### WHAT NEEDS TO BE DONE
Repeat exactly the lines of the entries below from the one with "The two SKUs" through the one with "One of the points", both ends included, and nothing else.
· · · ·
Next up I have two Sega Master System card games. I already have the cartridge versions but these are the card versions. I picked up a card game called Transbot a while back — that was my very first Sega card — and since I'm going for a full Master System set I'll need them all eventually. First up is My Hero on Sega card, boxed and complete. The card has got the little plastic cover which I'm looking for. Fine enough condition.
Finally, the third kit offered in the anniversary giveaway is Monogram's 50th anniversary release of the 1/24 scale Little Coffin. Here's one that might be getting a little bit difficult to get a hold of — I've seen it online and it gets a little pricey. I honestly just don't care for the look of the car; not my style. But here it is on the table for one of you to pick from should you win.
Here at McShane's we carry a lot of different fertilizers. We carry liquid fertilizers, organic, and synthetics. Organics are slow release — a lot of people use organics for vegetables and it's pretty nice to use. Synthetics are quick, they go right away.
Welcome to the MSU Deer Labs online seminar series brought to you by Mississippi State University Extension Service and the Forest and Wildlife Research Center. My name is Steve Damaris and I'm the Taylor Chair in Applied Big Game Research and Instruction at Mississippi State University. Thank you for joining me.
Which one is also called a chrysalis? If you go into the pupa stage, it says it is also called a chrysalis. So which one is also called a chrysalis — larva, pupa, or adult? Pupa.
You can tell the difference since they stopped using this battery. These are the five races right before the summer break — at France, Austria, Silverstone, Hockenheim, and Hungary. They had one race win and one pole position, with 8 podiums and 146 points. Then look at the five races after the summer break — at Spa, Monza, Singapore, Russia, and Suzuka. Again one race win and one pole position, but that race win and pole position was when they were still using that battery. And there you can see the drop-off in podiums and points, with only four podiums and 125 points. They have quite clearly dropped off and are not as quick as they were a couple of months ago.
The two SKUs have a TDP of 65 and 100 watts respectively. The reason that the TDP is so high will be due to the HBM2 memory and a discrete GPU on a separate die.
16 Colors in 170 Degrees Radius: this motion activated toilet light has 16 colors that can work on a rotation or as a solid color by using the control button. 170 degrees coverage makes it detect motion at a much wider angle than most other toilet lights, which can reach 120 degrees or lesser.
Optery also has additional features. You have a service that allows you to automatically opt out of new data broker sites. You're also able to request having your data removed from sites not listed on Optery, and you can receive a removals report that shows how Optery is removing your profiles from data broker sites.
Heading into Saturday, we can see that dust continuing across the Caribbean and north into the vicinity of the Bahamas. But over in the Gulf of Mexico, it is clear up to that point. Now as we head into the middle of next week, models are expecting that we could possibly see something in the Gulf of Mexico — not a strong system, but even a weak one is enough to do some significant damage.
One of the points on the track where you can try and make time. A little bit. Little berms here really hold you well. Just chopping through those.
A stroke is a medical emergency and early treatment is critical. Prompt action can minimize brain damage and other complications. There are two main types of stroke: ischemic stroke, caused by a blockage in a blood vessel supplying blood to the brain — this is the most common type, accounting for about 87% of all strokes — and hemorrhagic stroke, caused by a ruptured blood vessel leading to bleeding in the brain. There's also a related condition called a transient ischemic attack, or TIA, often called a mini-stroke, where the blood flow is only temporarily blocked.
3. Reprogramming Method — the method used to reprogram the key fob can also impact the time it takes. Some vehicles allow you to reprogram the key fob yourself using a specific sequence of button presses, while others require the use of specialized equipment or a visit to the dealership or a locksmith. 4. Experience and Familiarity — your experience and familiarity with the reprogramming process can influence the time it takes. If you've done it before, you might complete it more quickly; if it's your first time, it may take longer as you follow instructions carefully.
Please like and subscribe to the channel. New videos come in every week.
· · · ·
### SOLVED EXERCISE
The two SKUs have a TDP of 65 and 100 watts respectively. The reason that the TDP is so high will be due to the HBM2 memory and a discrete GPU on a separate die.
16 Colors in 170 Degrees Radius: this motion activated toilet light has 16 colors that can work on a rotation or as a solid color by using the control button. 170 degrees coverage makes it detect motion at a much wider angle than most other toilet lights, which can reach 120 degrees or lesser.
Optery also has additional features. You have a service that allows you to automatically opt out of new data broker sites. You're also able to request having your data removed from sites not listed on Optery, and you can receive a removals report that shows how Optery is removing your profiles from data broker sites.
Heading into Saturday, we can see that dust continuing across the Caribbean and north into the vicinity of the Bahamas. But over in the Gulf of Mexico, it is clear up to that point. Now as we head into the middle of next week, models are expecting that we could possibly see something in the Gulf of Mexico — not a strong system, but even a weak one is enough to do some significant damage.
One of the points on the track where you can try and make time. A little bit. Little berms here really hold you well. Just chopping through those.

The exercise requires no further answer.